## EXERCISE DESCRIPTION
Only text is carried over. Reproduce the entries below exactly.

::: TASK MATERIAL

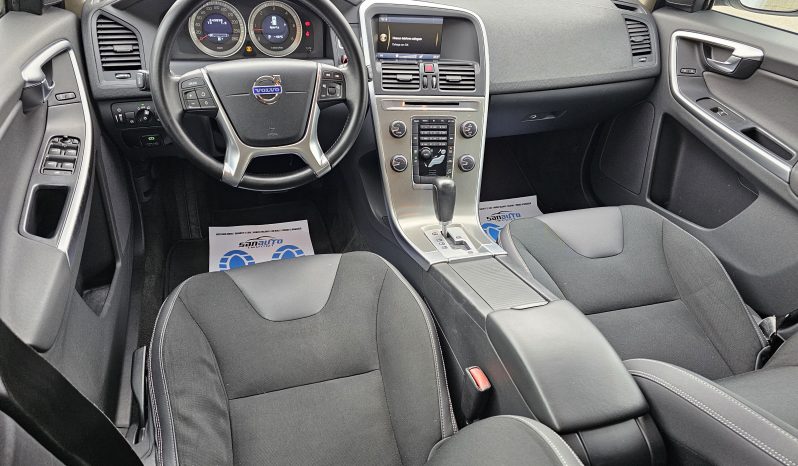 Volvo XC60 2.4 D4 Momentum AWD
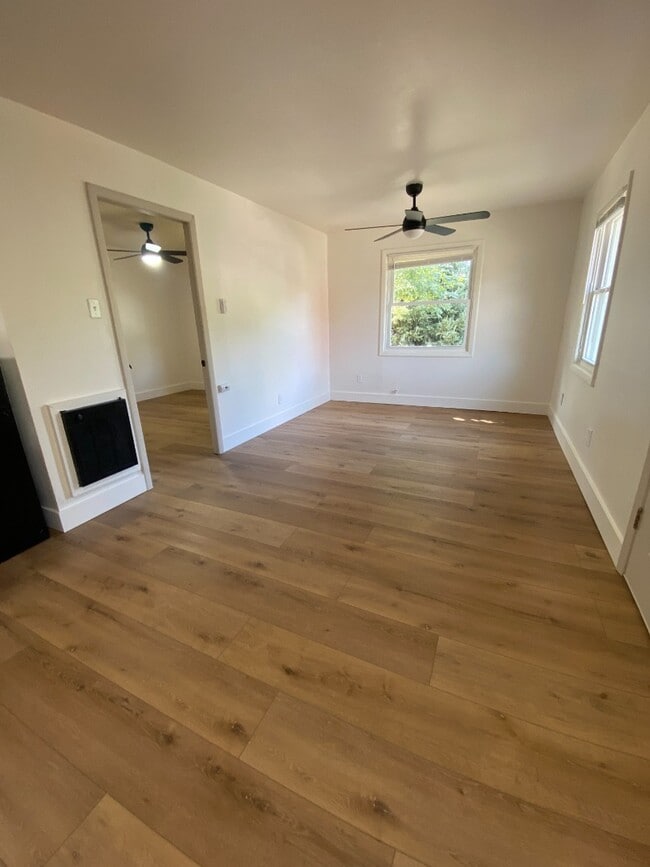 property at 120 Bellerive Blvd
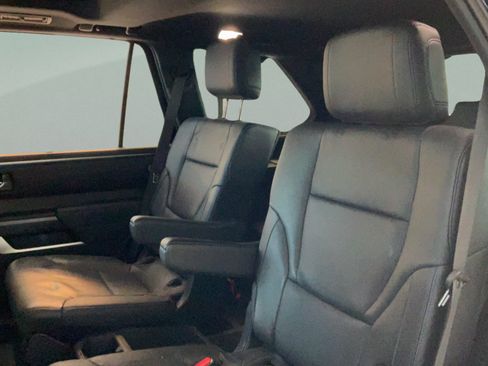 Certified 2024 Toyota Sequoia Platinum AWD/4WD image 24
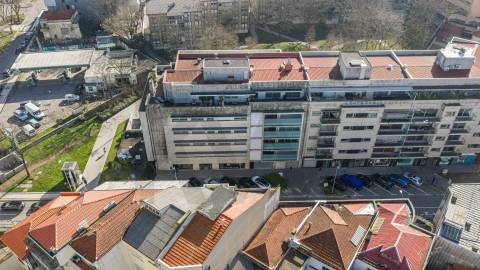 T3 de Excelência | Praça Velasquez e Av. dos Combatentes | Terraço 100 m²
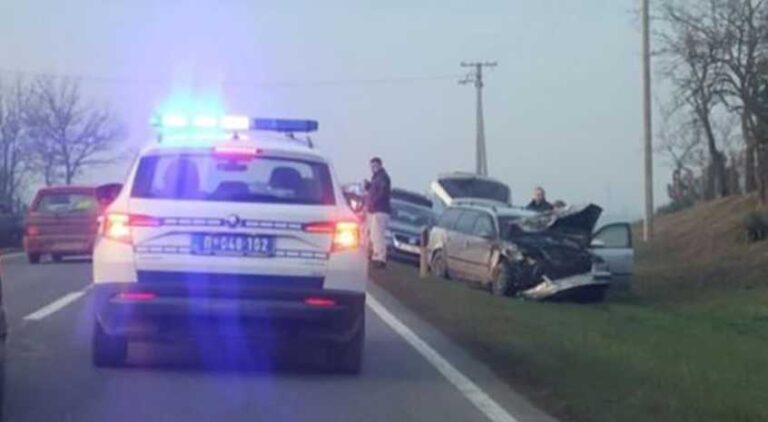 ZASPAO ZA VOLANOM: Izazvao težak sudar, stradali njegov sin (6) i policajac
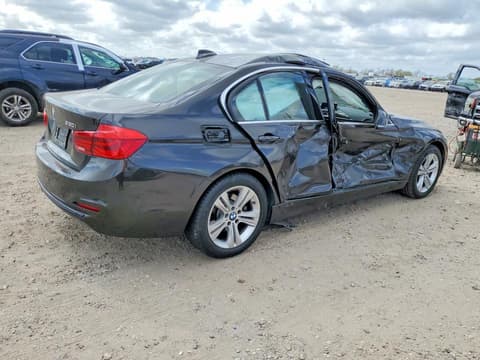 2017 Bmw 3 Series, VIN WBA8D9G37HNU63857. Zdjęcie 3 z 6 z aukcji Copart. Katalog aut z USA OpenDataCar.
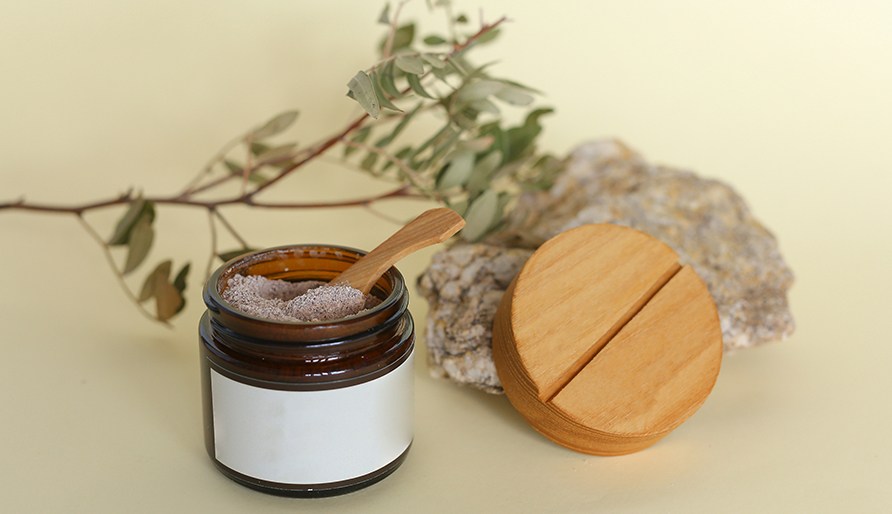 En krukke body scrub.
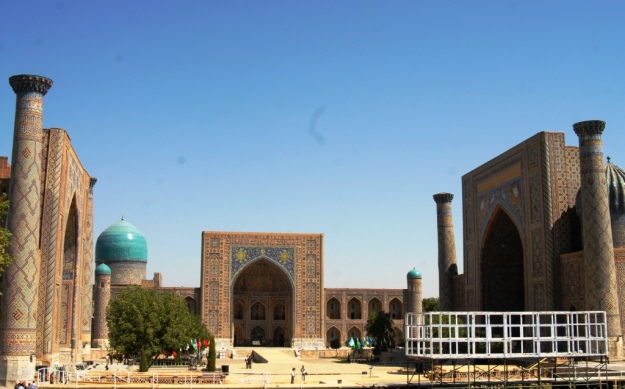 Il Registan con le tre Moschee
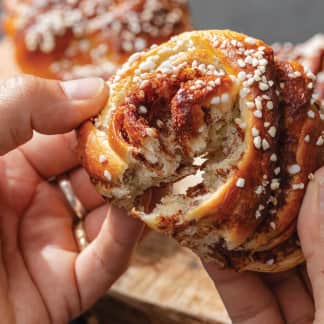 Kanelbullar (Swedish Cinnamon Buns)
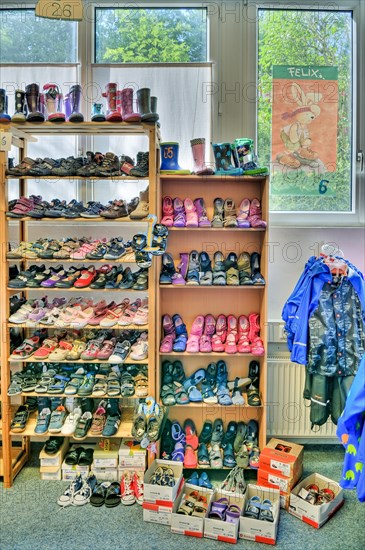 Children's shoes, children's clothing, shop, retail, shoe trade, fashion, shopping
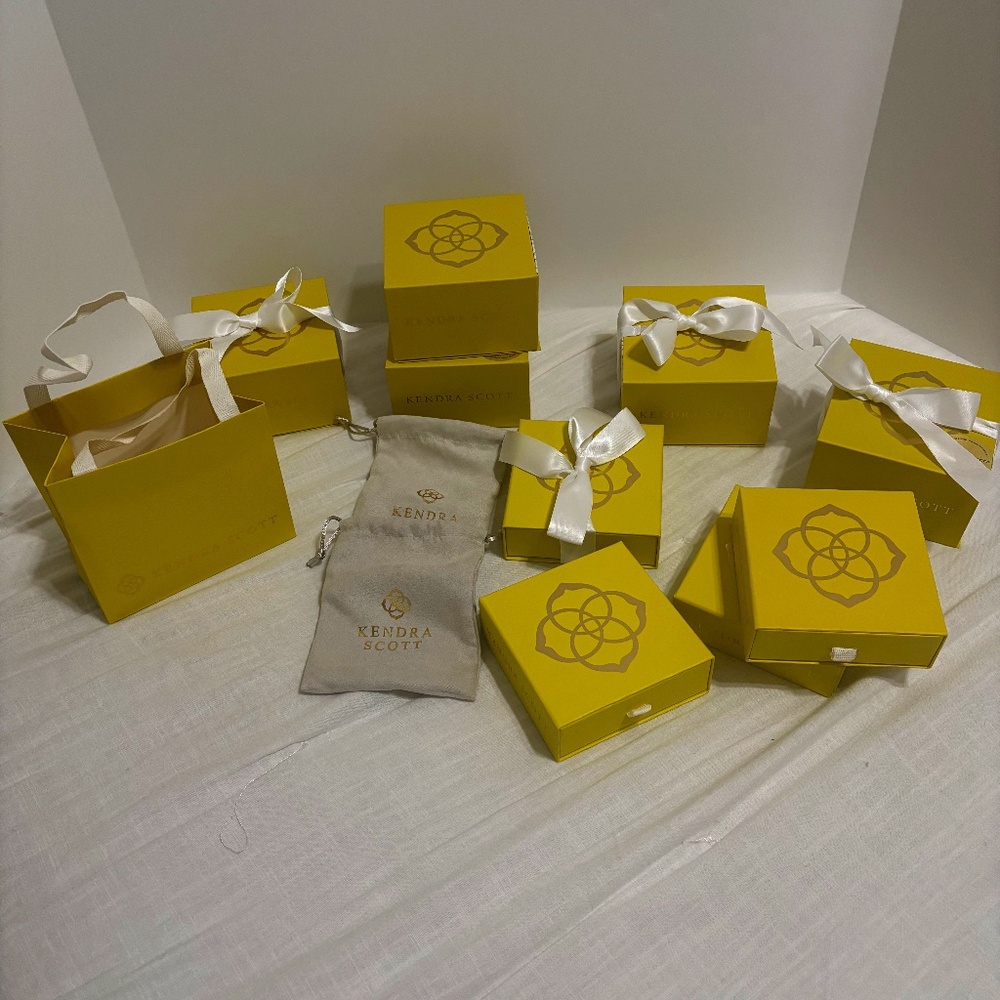 🛍️ Kendra Scott Jewelry Boxes, Bags – Assorted Sizes Bundle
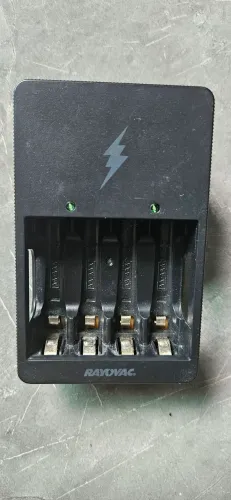 Carregador de Pilha Rayovac - Apenas Retirada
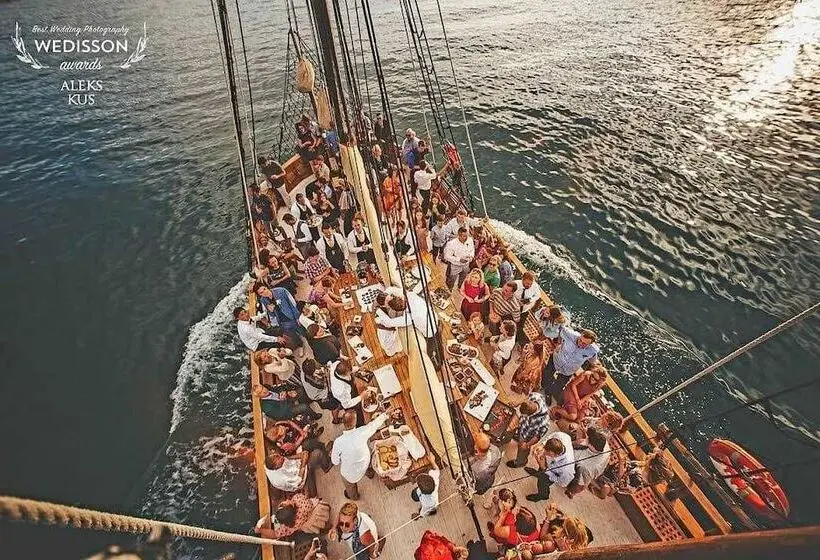 Drymades Bungalows Adults Only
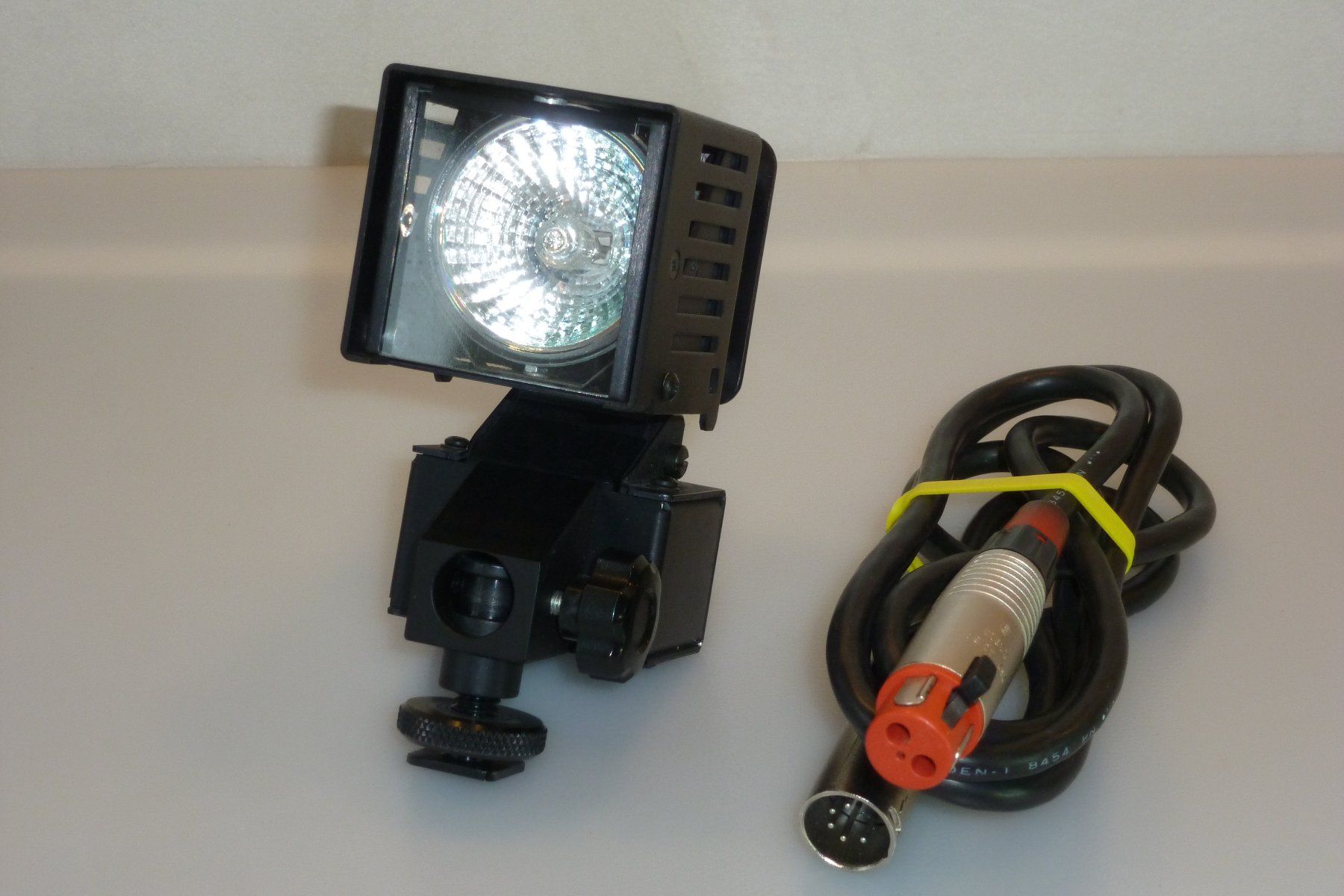 Fotocamera: Anton Bauer 13 Volt Video Gürtel-Beleuchtung Kit – Usato da Gwatt (Thun) venduto da Nocturnal_99 5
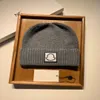 Gorro feminino outono e inverno 70% lã 30% cabelo de coelho quente designer frisado chapéu masculino esportes ao ar livre férias carta bordado 3 cores boné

::::::

## SOLUTION TO THE PROBLEM
 Volvo XC60 2.4 D4 Momentum AWD
 property at 120 Bellerive Blvd
 Certified 2024 Toyota Sequoia Platinum AWD/4WD image 24
 T3 de Excelência | Praça Velasquez e Av. dos Combatentes | Terraço 100 m²
 ZASPAO ZA VOLANOM: Izazvao težak sudar, stradali njegov sin (6) i policajac
 2017 Bmw 3 Series, VIN WBA8D9G37HNU63857. Zdjęcie 3 z 6 z aukcji Copart. Katalog aut z USA OpenDataCar.
 En krukke body scrub.
 Il Registan con le tre Moschee
 Kanelbullar (Swedish Cinnamon Buns)
 Children's shoes, children's clothing, shop, retail, shoe trade, fashion, shopping
 🛍️ Kendra Scott Jewelry Boxes, Bags – Assorted Sizes Bundle
 Carregador de Pilha Rayovac - Apenas Retirada
 Drymades Bungalows Adults Only
 Fotocamera: Anton Bauer 13 Volt Video Gürtel-Beleuchtung Kit – Usato da Gwatt (Thun) venduto da Nocturnal_99 5
 Gorro feminino outono e inverno 70% lã 30% cabelo de coelho quente designer frisado chapéu masculino esportes ao ar livre férias carta bordado 3 cores boné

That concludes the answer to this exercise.